In my book The Road to 9/11, I have argued that there has existed, at least since World War Two if not earlier, an analogous American deep state, also combining intelligence officials with elements from the drug-trafficking underworld. [6] I also pointed to recent decades of collaboration between the U.S. deep state and al-Qaeda, a terrorist underworld whose drug-trafficking activities have been played down in the 9/11 Commission Report and the mainstream U.S. media. [7]

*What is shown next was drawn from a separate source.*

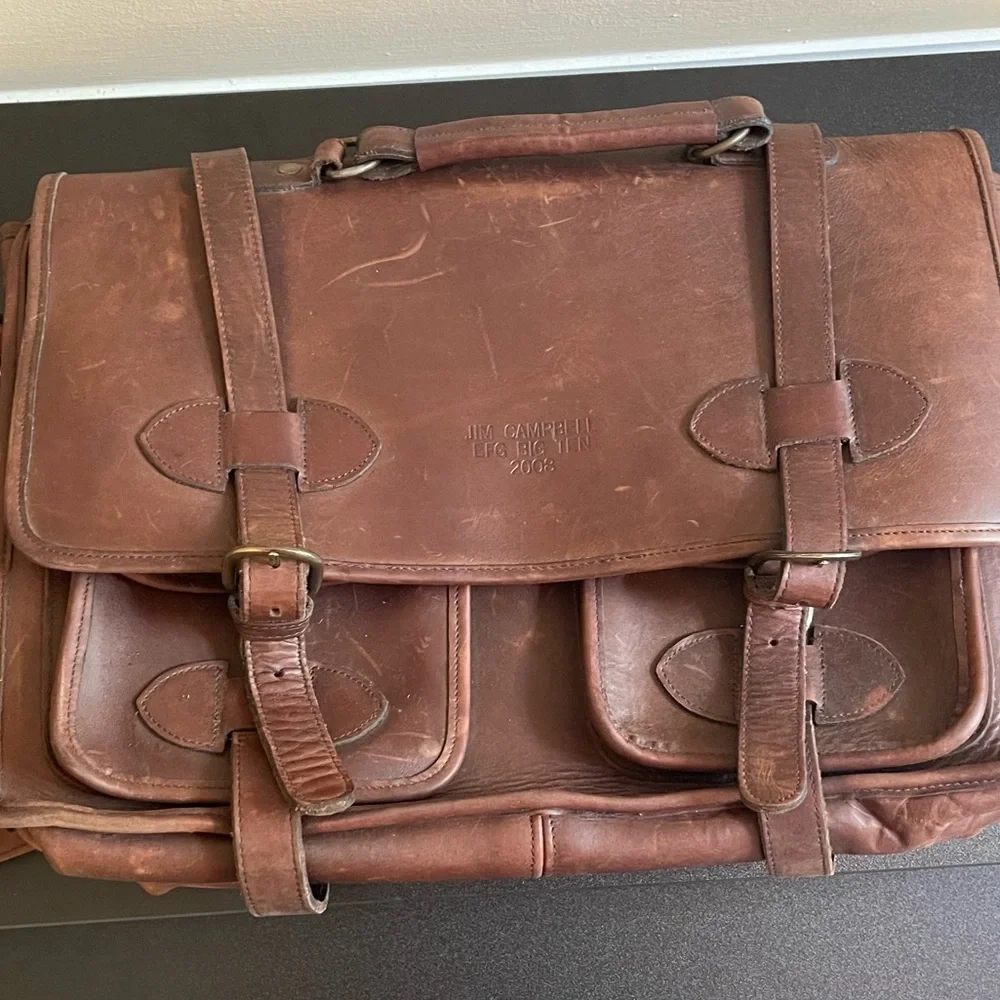 Vintage Custom Hide Leather Brass Button Briefcase W/ Strap Multi-pocket US-made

Still to be explained is the suppressed anomalous fact that al-Qaeda's top trainer on airplane hijackings, Ali Mohamed, was simultaneously a double-agent reporting to the FBI, and almost certainly still maintained a connection to the CIA which had used him as an agent and helped bring him to this country in the 1980s. [8] It is not disputed that Ali Mohamed organized the Embassy bombing in Kenya; and that he did so after the RCMP, who had detained him in Vancouver in the presence of another known terrorist, released Mohamed on instructions from the FBI. [9]

From this historic background of collaboration, I would offer a hypothesis for further investigation: that the American deep state is somehow implicated with al-Qaeda in the atrocity of 9/11; and that this helps explain the conspicuous involvement of the CIA and other U.S. agencies in the ensuing cover-up.

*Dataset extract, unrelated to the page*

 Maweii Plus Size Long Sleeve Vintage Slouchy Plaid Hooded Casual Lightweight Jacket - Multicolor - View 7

Sibel Edmonds, the Turkish-American who was formerly an FBI translator, has publicly linked both al-Qaeda and American officials to the Turkish heroin trafficking that underlies the Turkish deep state. Although she has been prevented from speaking directly by an extraordinary court order, [10] her allegations have been summarized by Daniel Ellsberg: "Al Qaeda, she's been saying to congress, according to these interviews, is financed 95% by drug money — drug traffic to which the US government shows a blind eye, has been ignoring, because it very heavily involves allies and assets of ours — such as Turkey, Kyrgyzstan, Tajikistan, Pakistan, Afghanistan — all the 'Stans — in a drug traffic where the opium originates in Afghanistan, is processed in Turkey, and delivered to Europe where it furnishes 96% of Europe's heroin, by Albanians, either in Albania or Kosovo — Albanian Muslims in Kosovo — basically the KLA, the Kosovo Liberation Army which we backed heavily in that episode at the end of the century….Sibel says that suitcases of cash have been delivered to the Speaker of the House, Dennis Hastert, at his home, near Chicago, from Turkish sources, knowing that a lot of that is drug money."[11]

In 2005 Sibel Edmonds' charges were partly aired in Vanity Fair. There it was revealed that she had had access to FBI wiretaps of conversations among members of the American-Turkish Council (ATC), about bribing elected US officials, and about "what sounded like references to large-scale drug shipments and other crimes." [12]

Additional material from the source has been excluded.